- Secretary: Sharad Patil
- Founded: 1978
- Ideology: Marxism Phule thought Ambedkarism
- Alliance: Left Democratic Front (Maharashtra)

= Satyashodhak Communist Party =

The Satyashodhak Communist Party is a political party in the state of Maharashtra, India. The party was founded by Comrade Sharad Patil, who as of 2009 still serves as its General Secretary. The party bases its political philosophy on the thinking of Karl Marx, B. R. Ambedkar and Jyotirao Phule.

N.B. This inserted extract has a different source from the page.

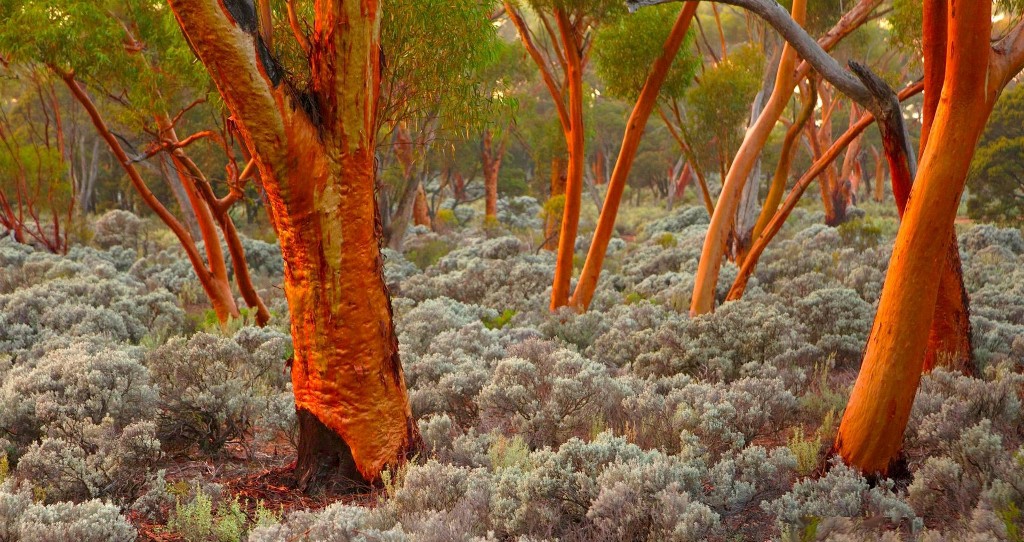 Gold growing on Eucalyptus Trees Gold growing on Eucalyptus Trees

Patil had been an organizer of the Communist Party of India (Marxist) in the Dhule district. He developed his ideological thesis of 'Marxism-Phule-Ambedkarism', and in 1978 he broke with the CPI(M) and founded the Satyashodhak Communist Party. The party was named after Phule's Satyashodhak Samaj. Patil called for the building of an alliance between Dalits and Other Backward Castes, especially amongst the peasantry. The main base of the movement at the time of its foundation was limited to two Adivasi talukas in Dhule district, but Patil's rhetoric won an audience across the state and played an influential formulating a popular understanding of class-caste relations in rural areas. He relied heavily on motifs from classical Indian literature during speaking tours of rural areas.

In the early 1980s, the party added 'ending women's slavery' to its programme for Democratic Revolution.

Ahead of the April 2009 Lok Sabha election, the party joined the CPI(M)-led Left Democratic Front.

In August 2009, in the run-up to the Maharashtra Legislative Assembly election, the party took part in founding the Republican Left Democratic Front popularly known as RIDALOS, a broad coalition of political parties in Maharashtra.